La pénombre n’a pas vaincu la chaleur. Elle semble même, par un effet retors, l’avoir amplifiée. Le noir nuancé est irrespirable.
Pas pour moi. Pour les autres.
Sous mon emprise, le corps humain dans lequel je me suis réfugiée n’est pas soumis aux lois naturelles, et tandis que ses congénères souffrent dans le jus de leurs propres organes, il nage en pleine inconscience.

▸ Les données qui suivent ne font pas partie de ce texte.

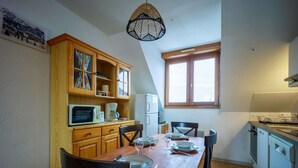 Eine kleine Küche mit Holzausstattung, einem Esstisch und Stühlen. Es gibt eine Mikrowelle, eine Kaffeemaschine und einen Kühlschrank. Ein Fenster sorgt für natürliches Licht.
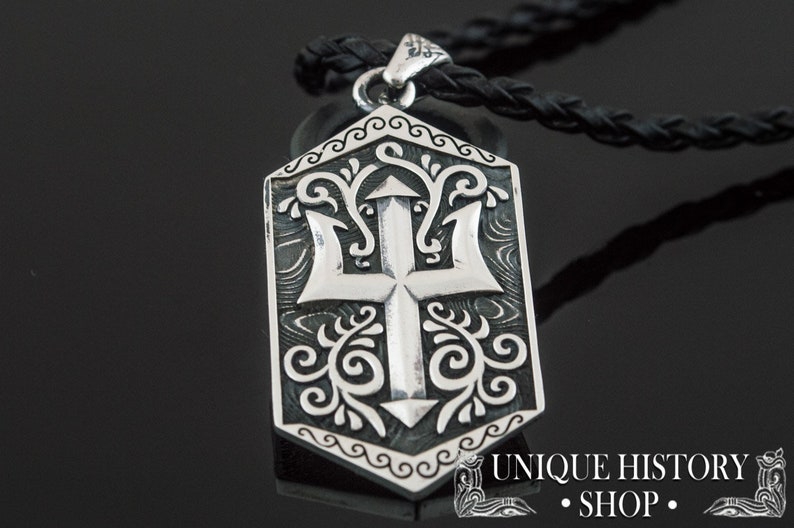 May include: Silver pendant necklace with a detailed design of a trident and floral patterns. The pendant is shaped like a shield and has a black leather cord.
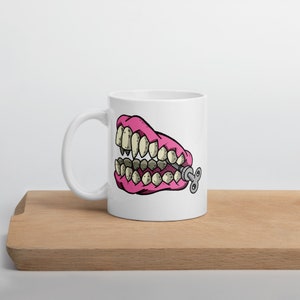 May include: A white coffee mug with a pink and white cartoon image of a set of dentures with a winder key on the side.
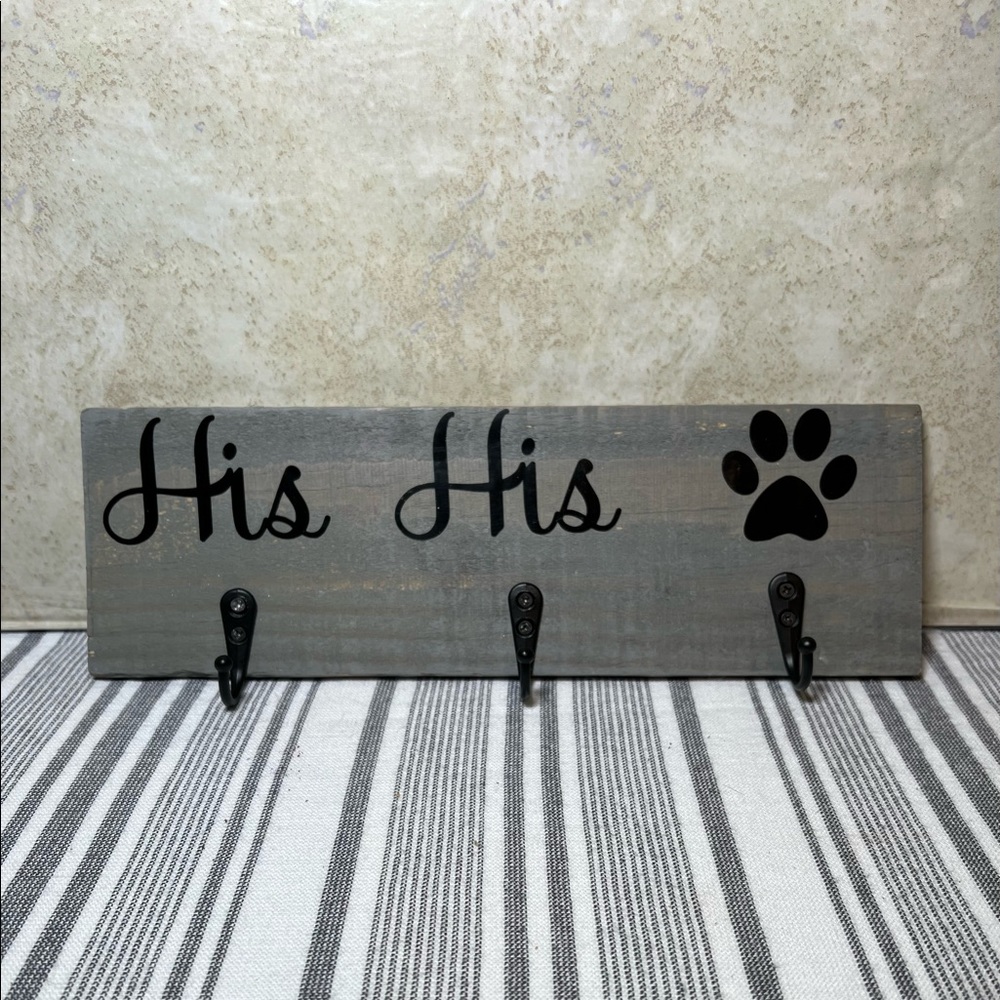 His his paw print leash holder.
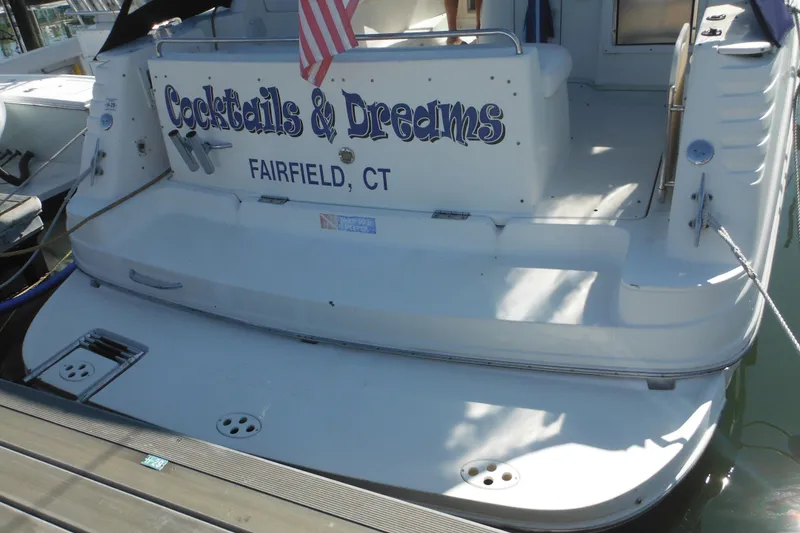 Slide: The Image of 2000 Rinker 330 Fiesta Vee boat docked, named "Cocktails & Dreams," Fairfield, CT. - 3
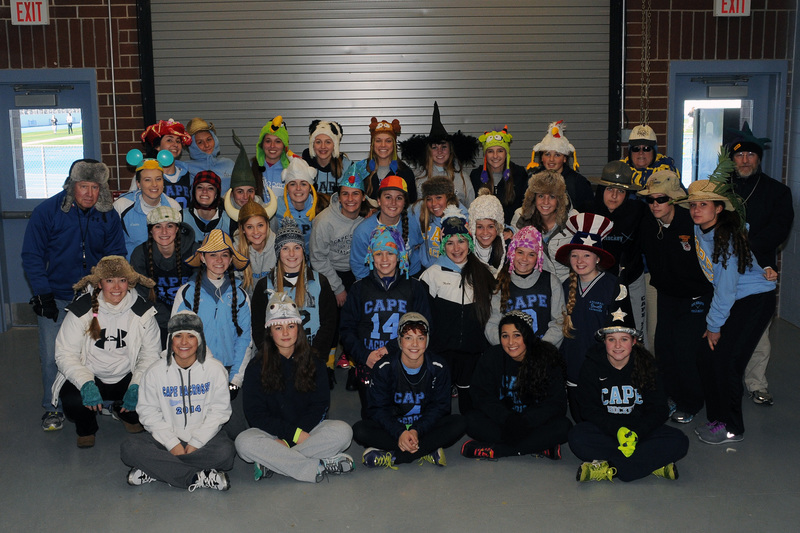 Members of the 2014 girls lacrosse squad took a little fun time before practice to celebrate their annual crazy hat day. Shown in back are (l-r) Coryn Cannon, Allie Yeager, Sarah Tappan, Sarah Rambo, Sarah Hyde, Karalyn Joseph, Cailey Thornburg, Sophia Hall, asst coach Debbie Windett and asst coach Rich Collins and (next row l-r) head coach P J Kesmodel, Morgan Catts, Lauren Kelley, Tess Bernheimer, Lizzie Frederick, Lindsey Voss, Jordan Brown, Karissa Lemaire, Hannah Derrickson, Maggie Delp, Kat Judge, Alexa Woodruff and Riley Wagner and (next row l-r) asst coach Megan Fullmer, Alison Palmer, Alyssa Craig, Amanda Smith, Grace Brokaw, Katie Boyer, Kaitlyn Klabe, Korrine Lemaire, Taylor Jefferson and (front row l-r) Olivia Bloom, Iseabal Cryne, Shea Sugrue, Aileen Tekmen and Olivia Wilson. BY DAN COOK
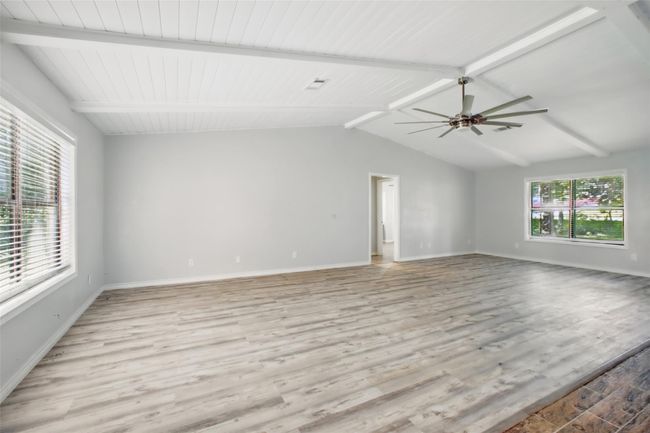 A space that invites you to unwind, with architectural interest and a layout that opens beautifully into the rest of the home. | Image 16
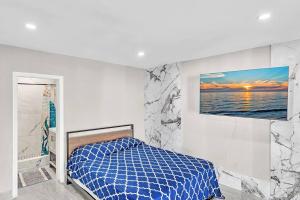 a white bedroom with a bed and a painting on the wall at Modern Villa with Pool Hollywood Hard Rock Casino in Fort Lauderdale +79 photos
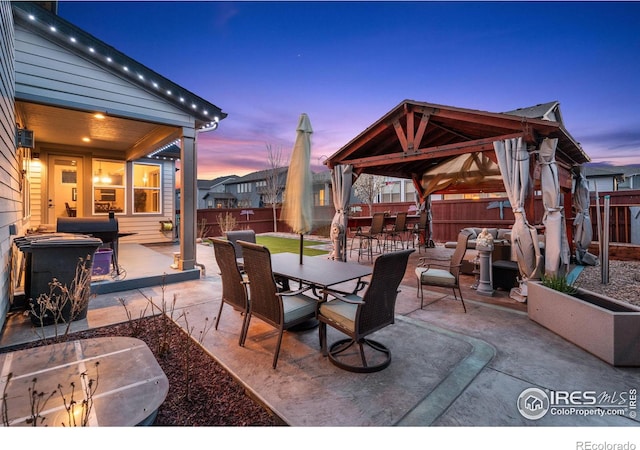 patio terrace at dusk featuring a gazebo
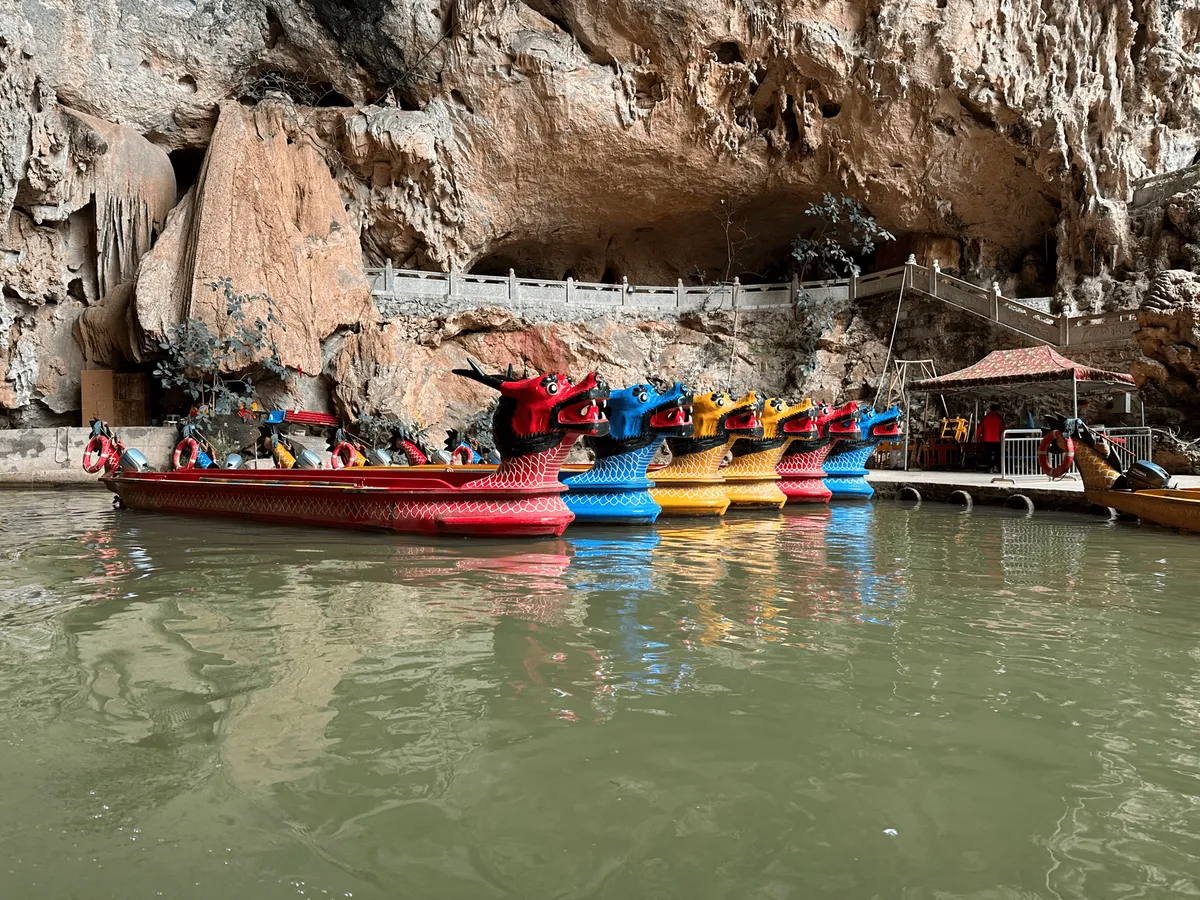 Multiple dragon boats docked at the station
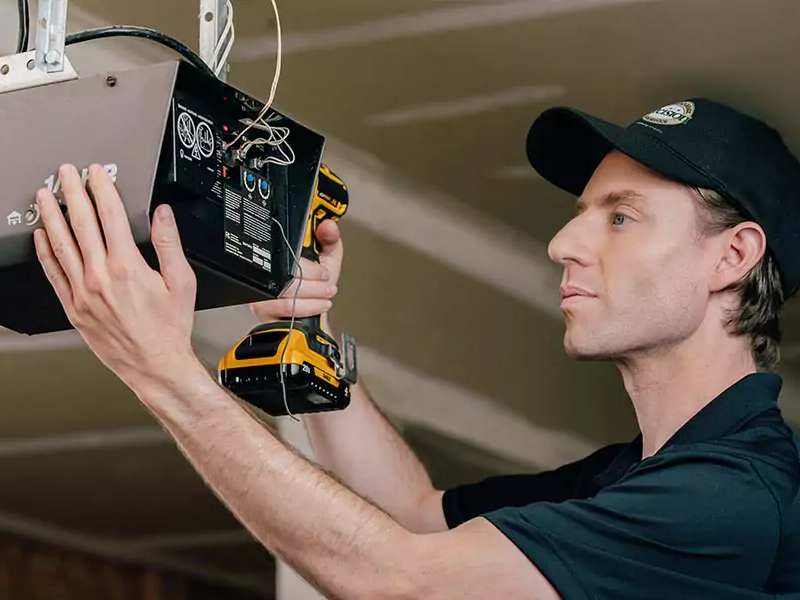 A Precision Garage Door Service professional installing a garage door opener.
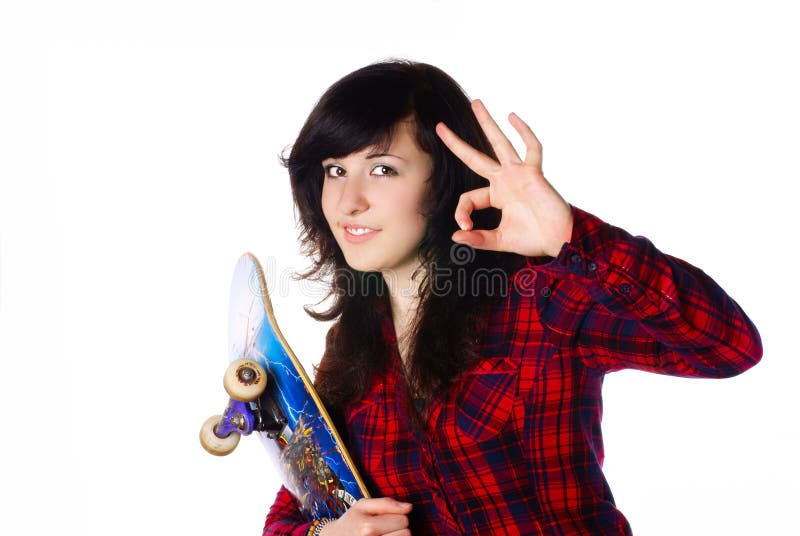 Portrait of teenage girl showing Ok. White background. Studio shot. Portrait of teenage girl showing Ok. White background. Studio shot.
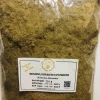 Close-up of finely ground, light green to earthy brown Wishnu Kranthi powder, showing its consistent texture.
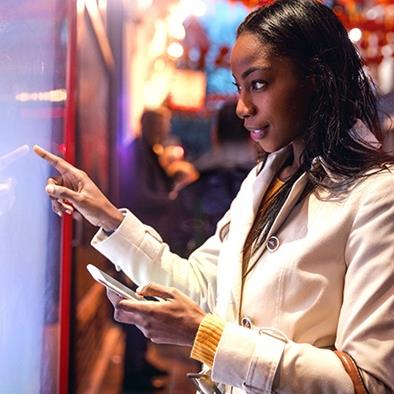 An image of a woman standing in front of a touchscreen holding a phone.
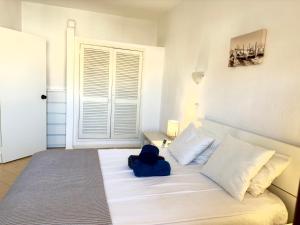 Ένα ή περισσότερα κρεβάτια σε δωμάτιο στο Apartment Les 3 Dauphins in Albufeira +31 φωτογραφίες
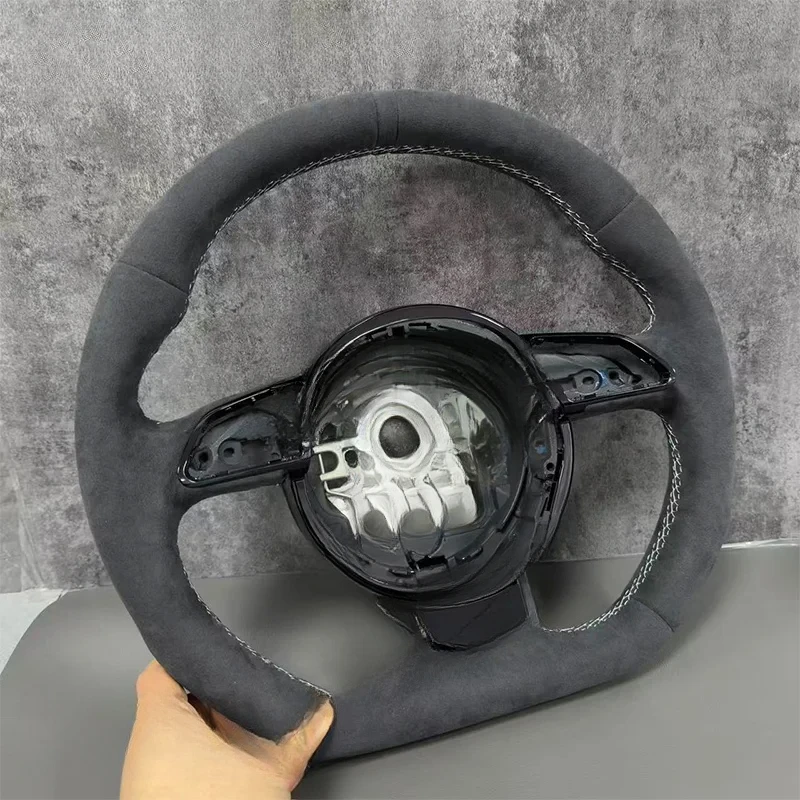 

Улучшенный руль для Audi A6 C7 с отделкой из замши и возможностью выбора цвета швов.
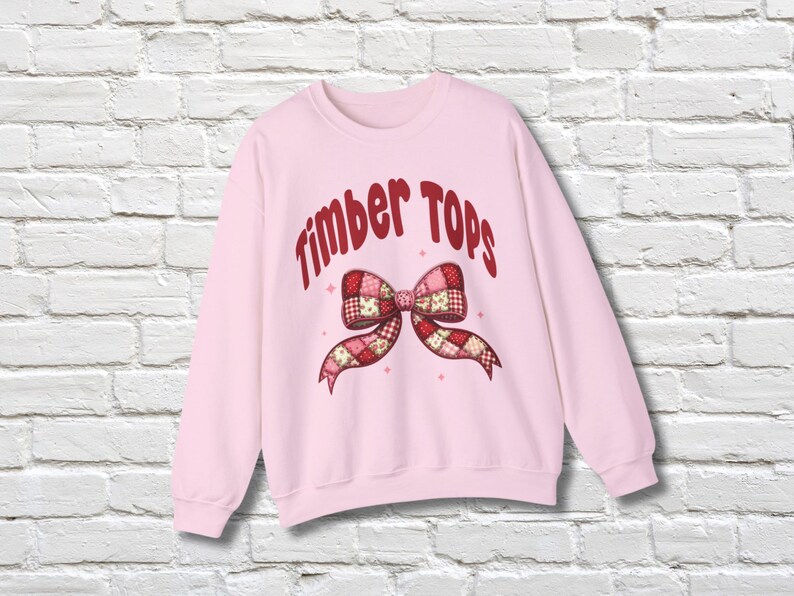 May include: A light pink sweatshirt with the text "Timber Tops" in red script above a patchwork bow design. The bow features red, pink, and white patterns. The sweatshirt is displayed against a white brick wall.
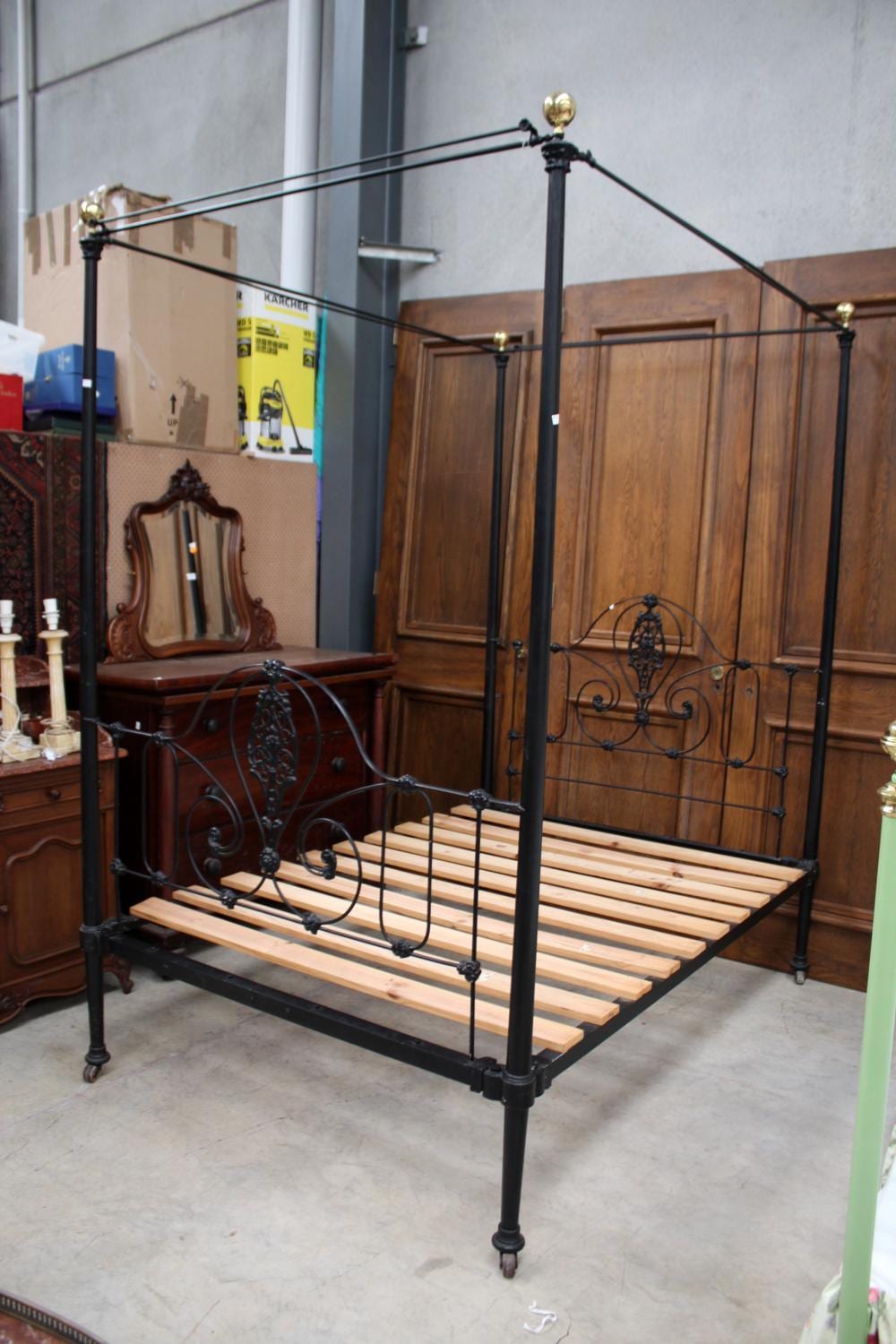 Antique cast iron and lace four post canopy bed, approx 232cm H x 188cm L x 138cm W sold by Vickers & Hoad, lot 387 — auction record photograph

J’habite l’esprit comme le feu investit l’âtre. Je brûle et je projette une cendre infinie.
Mes yeux, eux aussi, brûlent l’ombre et je vois comme en plein jour dans cette chambre exiguë. Avant que j’arrive et que mon maître ne m’ordonne de tout prendre, elle était blanche et froide telle la mort.
La silhouette de la gamine s’esquisse dans la glace de la commode. Ses membres s’effacent et ses extrémités s’effritent. Fantôme en devenir. Mais ses yeux – les miens, les nôtres – scintillent d’une lumière de miel.
Des pas derrière la porte, qui s’arrêtent. Une présence anxieuse s’étire dans le couloir et voudrait entrer malgré sa peur.
Il frappe deux fois, laisse une pause avant d’appeler la petite par son prénom. Je ne réponds pas.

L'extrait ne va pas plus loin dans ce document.